Muore chiedendo di essere sepolto in cima al Colle Spazzavento, da dove sputare su Prato di tanto in tanto. Non realizzerà mai il sogno di attraversare coast to coast gli USA in bicicletta, sponsorizzato dalla Coca Cola, con lo scopo di raggiungere l’ancora nubile, e fulgida, Grace Kelly. Ma contempla l’avvenire nella laboriosa Cina maoista “in bicicletta”. Muore spento da una sigaretta dietro l’altra giocando fino all’ultimo a costruire la sua leggenda di imprendibile, incatalogabile, impenetrabile. Affabulatore che in un modo unico ha saputo mischiare autobiografia e stravaganza mitopoietica, perdendo tracce e confini.

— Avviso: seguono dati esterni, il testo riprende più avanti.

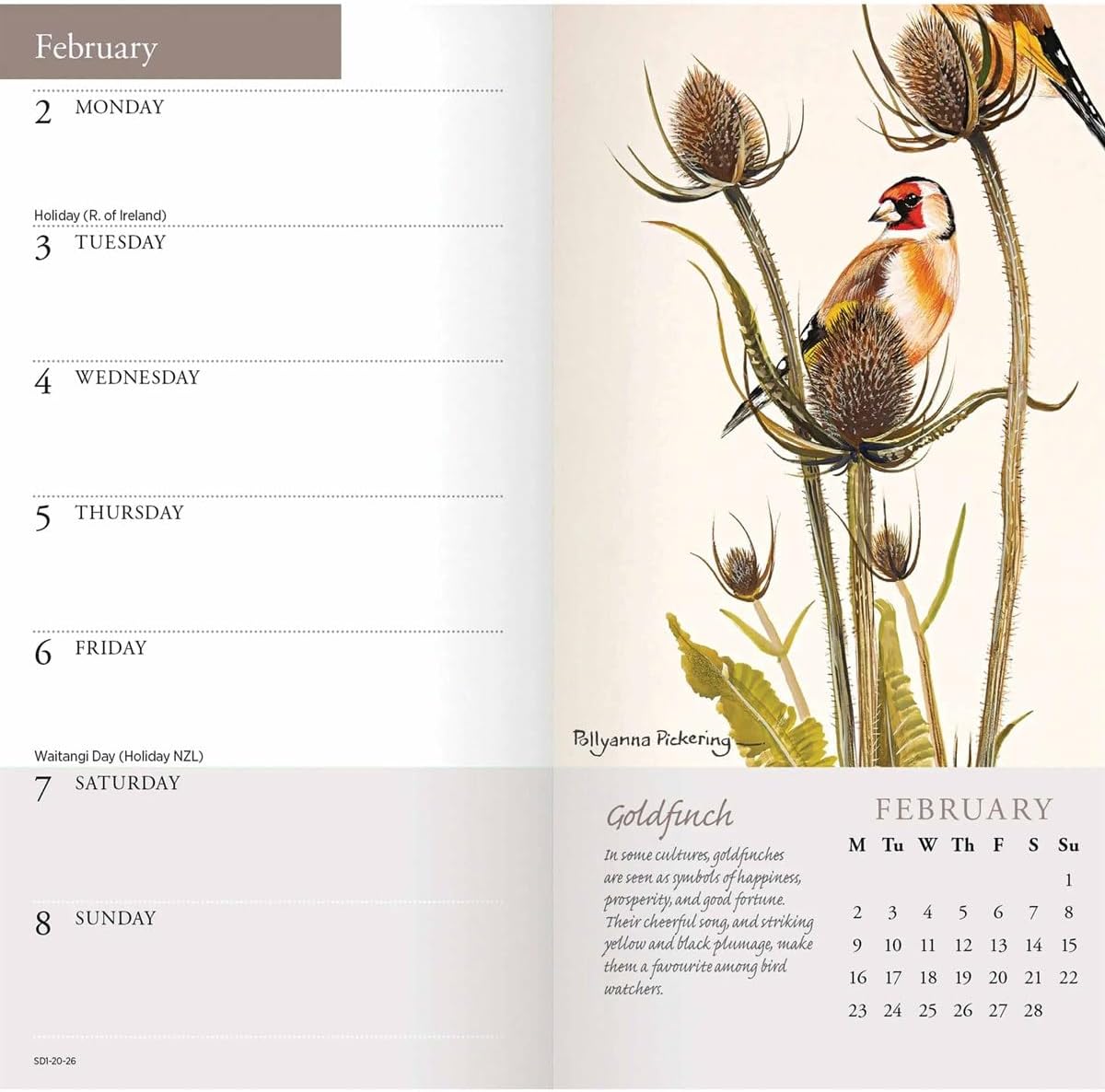 Carousel Worldwide Garden Birds by Pollyanna Pickering 2026 Slim Diary Planner – Week-to-View Pocket Diary, Illustrated Bird Cover, Organiser for Handbag or Jacket Pocket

“Vi sono molte ragioni, tutte legittime per non amare Malaparte”, non può piacere alle “anime belle”, afferma in apertura con ironia Serra, uno che passò “dai campi da golf a quelli di sterminio” prosegue, rimanendo “ideologicamente inservibile” (pp 9-10). Qui Maurizio Serra centra il bersaglio, quest’affermazione merita la lettura di tutte le pagine successive. Serra saggista, diplomatico di spessore, attualmente ambasciatore d’Italia all’UNESCO, già vincitore del Premio Acqui Storia nel 2008, con un capolavoro come Drieu-Arangon-Malraux. Fratelli separati, ci presenta questa corposa biografia di oltre cinquecento pagine (che segue un’altra grande opera recente su Malaparte: L’Arcitaliano, di Giordano Bruno Guerri) con l’indiscusso merito di riuscire a parlare di questo anguillesco personaggio in una biografia scientifica, genere che proprio non gli si addice, per le ragioni che spero di avere chiaramente espresso sopra, le stesse ragioni, d’altro canto, per le quali ne meritava una e Serra riesce magistralmente nell’opera e non è facile riuscire ad essere asettici e scientifici con Malaparte se lo si ama, è una prova ardua che penso meriti almeno un premio al coraggio.